> Brief
Please repeat, exactly as written, every line from the one containing "Cocktail Art Prints: Bar" through the last line of the records, both included, and leave out any pictures.
----------
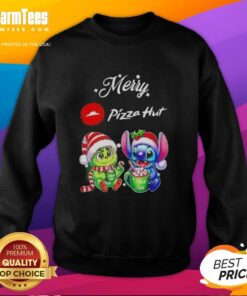 Alt Text: Premium Baby Grinch and Stitch X Pizza Hut Merry Christmas sweatshirt featuring colorful holiday designs.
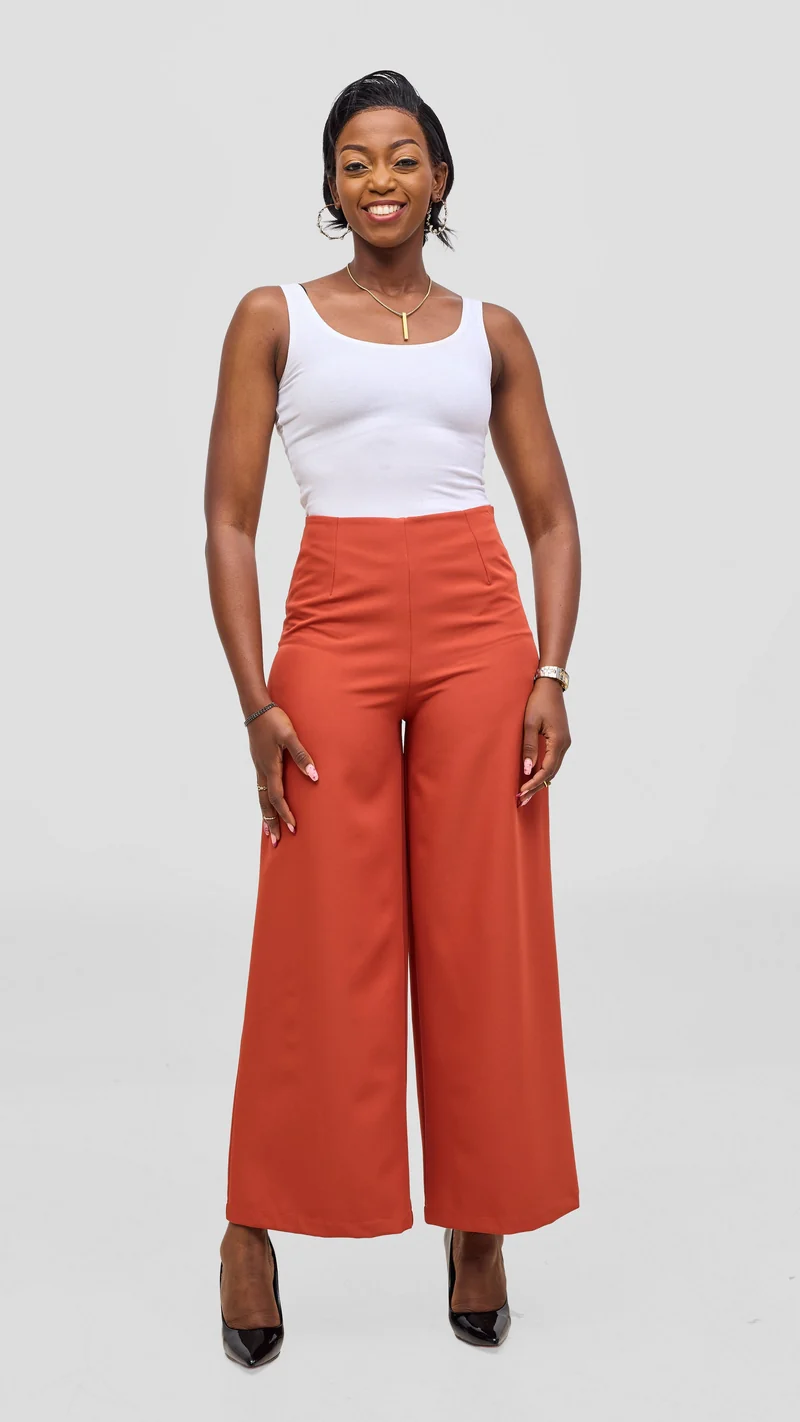 Vivo Tatili Wide Leg Pants - Rust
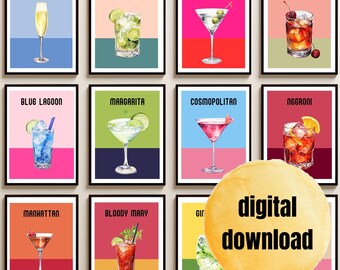 Cocktail Art Prints: Bar Decor, Set of 22 (Digital Download)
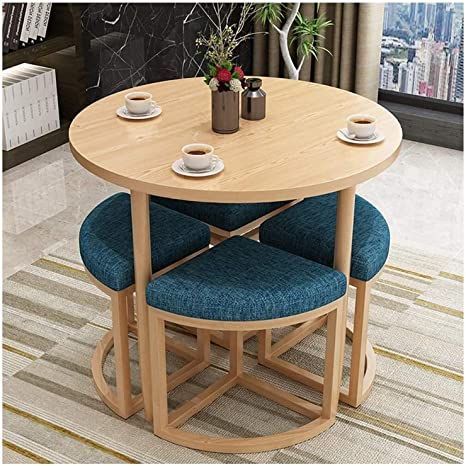 Wooden Round Dining Table, Round Wooden Dining Table, Restaurant Tables And Chairs, New Classic Furniture, Table And Chair Set, Living Kitchen, Kitchen Table Settings, Restaurant Tables, Table And Chair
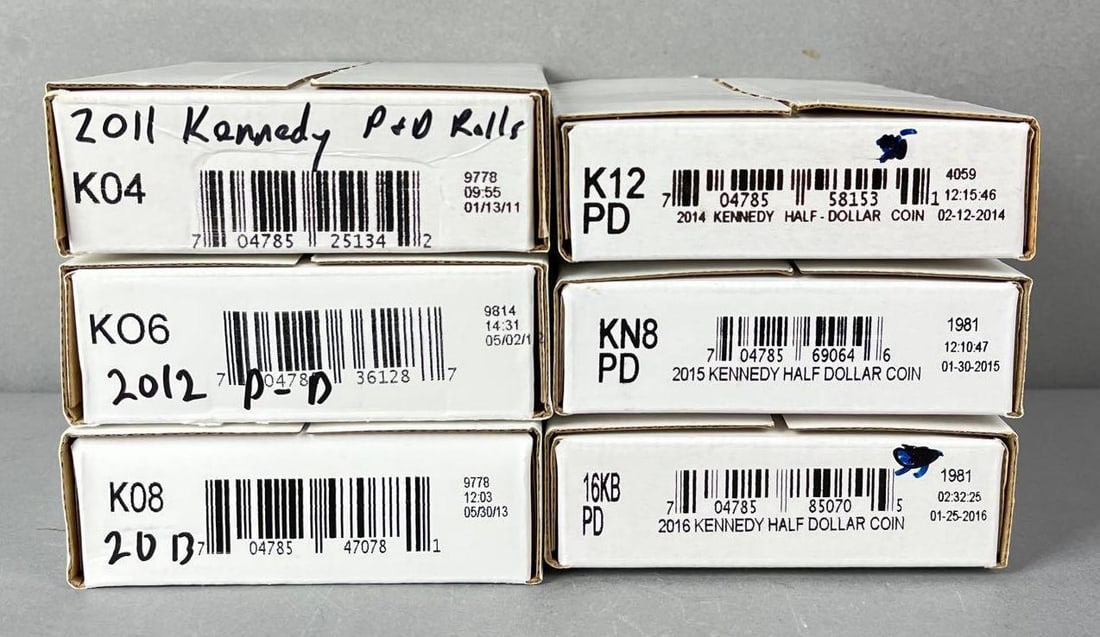 Group of 6 Boxes US Mint Kennedy Half Dollar Rolls (1 of 1)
----------
> Result of the exercise
 Cocktail Art Prints: Bar Decor, Set of 22 (Digital Download)
 Wooden Round Dining Table, Round Wooden Dining Table, Restaurant Tables And Chairs, New Classic Furniture, Table And Chair Set, Living Kitchen, Kitchen Table Settings, Restaurant Tables, Table And Chair
 Group of 6 Boxes US Mint Kennedy Half Dollar Rolls (1 of 1)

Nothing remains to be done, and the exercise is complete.